§ **Supplied material**
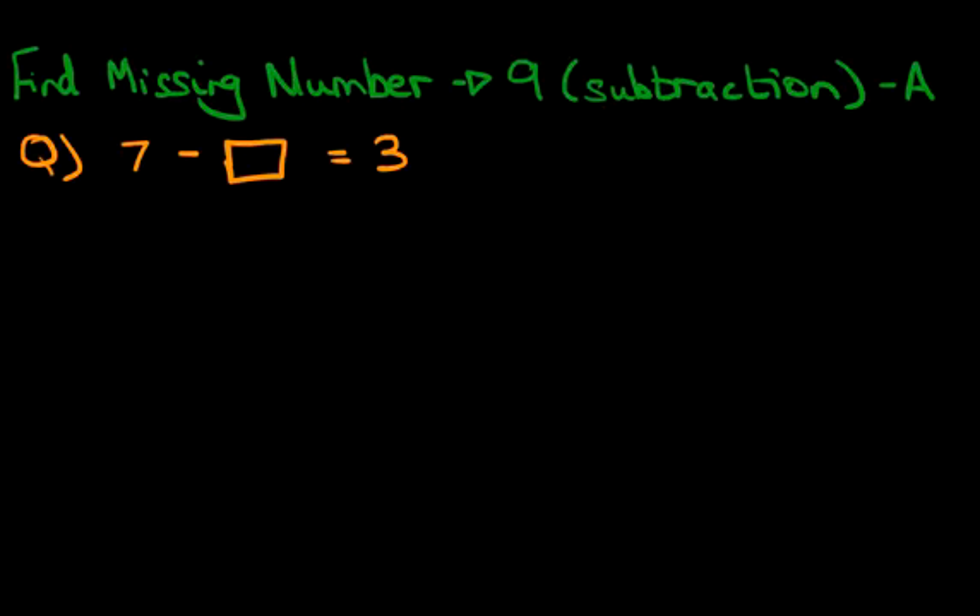So the first method we're going to use is the dot method. Let's just write that down — the dot method. Now how do we use the dot method? Let's write the question again so we can do some workings out here: 7 minus something equals 3.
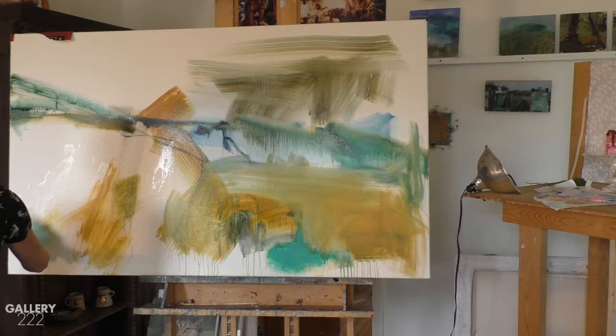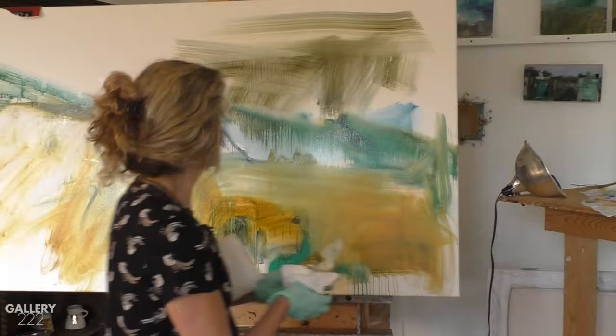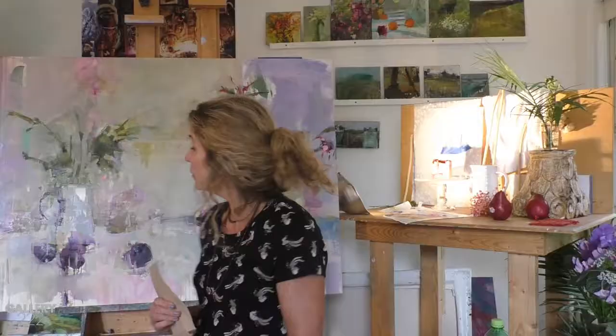Instead of zooming in to capture something, I want to sort of let something go. I use brushes, I use trowels, I use palette knives. I'll just take a piece of cardboard — often it's the dog biscuit thing — you just take the cardboard off and you just make a mark.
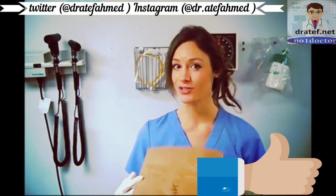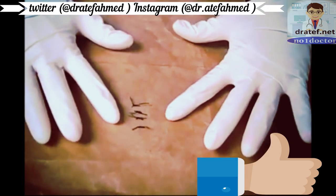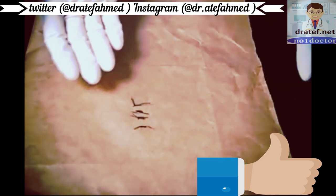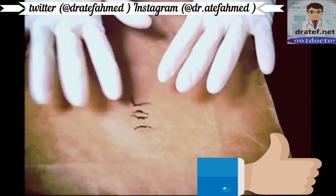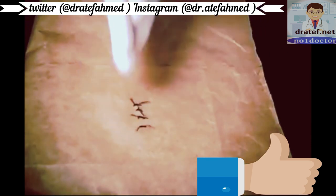I put the sutures on a paper bag so you can see them a little bit better. I put four sutures in and made them a little bit big so hopefully you can see clearly. Before you start, measure the actual incision and make sure there's no excessive redness — it should just be slightly pink and really should be intact.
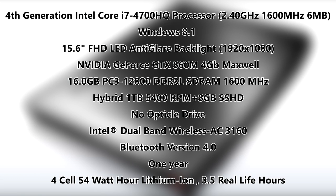The graphics card is an NVIDIA GeForce GTX 860M with 4 gigabytes of VRAM. There was some confusion about whether it was Maxwell or Kepler architecture, but it is confirmed Maxwell. It contains 16 gigabytes of DDR3 RAM running at 1600 MHz, and has a hybrid 1 terabyte 5400 RPM hard drive plus an 8 gigabyte SSD caching drive. There is no optical drive, and it uses Intel Dual Band Wireless AC 3160.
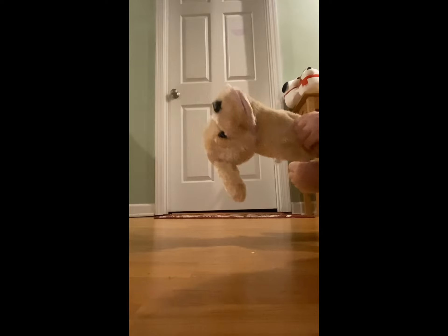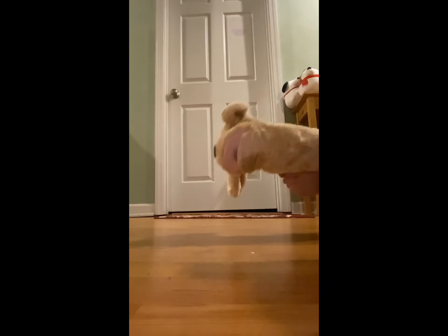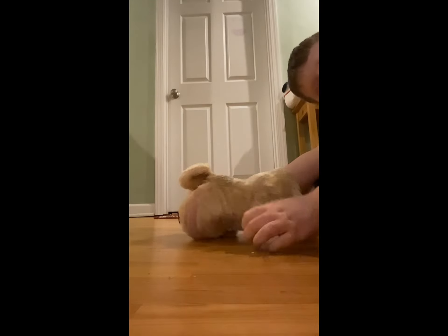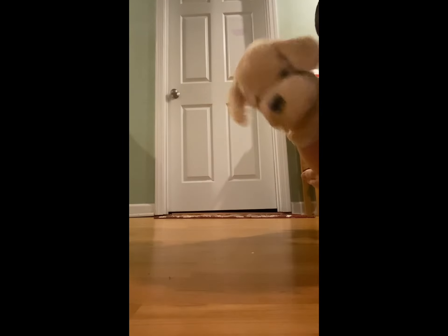Pizza's done! Let's eat it, River. Is it stretchy? Yes, it's stretchy!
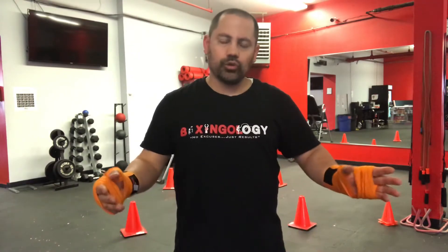Guys, I'm back. Got both of my hands wrapped. Alright, Boxingology time. Let's do it. Remember my one-man show — eventually we're going to come back to the gym and train, but as of now, let's do whatever we can. Let's get the workouts in.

§ **What is expected**
Return nothing but the lines running from the start of the data to the line with "Pizza's done! Let's", please, both ends included and no pictures.

§ **Solution below**
So the first method we're going to use is the dot method. Let's just write that down — the dot method. Now how do we use the dot method? Let's write the question again so we can do some workings out here: 7 minus something equals 3.
Instead of zooming in to capture something, I want to sort of let something go. I use brushes, I use trowels, I use palette knives. I'll just take a piece of cardboard — often it's the dog biscuit thing — you just take the cardboard off and you just make a mark.
I put the sutures on a paper bag so you can see them a little bit better. I put four sutures in and made them a little bit big so hopefully you can see clearly. Before you start, measure the actual incision and make sure there's no excessive redness — it should just be slightly pink and really should be intact.
The graphics card is an NVIDIA GeForce GTX 860M with 4 gigabytes of VRAM. There was some confusion about whether it was Maxwell or Kepler architecture, but it is confirmed Maxwell. It contains 16 gigabytes of DDR3 RAM running at 1600 MHz, and has a hybrid 1 terabyte 5400 RPM hard drive plus an 8 gigabyte SSD caching drive. There is no optical drive, and it uses Intel Dual Band Wireless AC 3160.
Pizza's done! Let's eat it, River. Is it stretchy? Yes, it's stretchy!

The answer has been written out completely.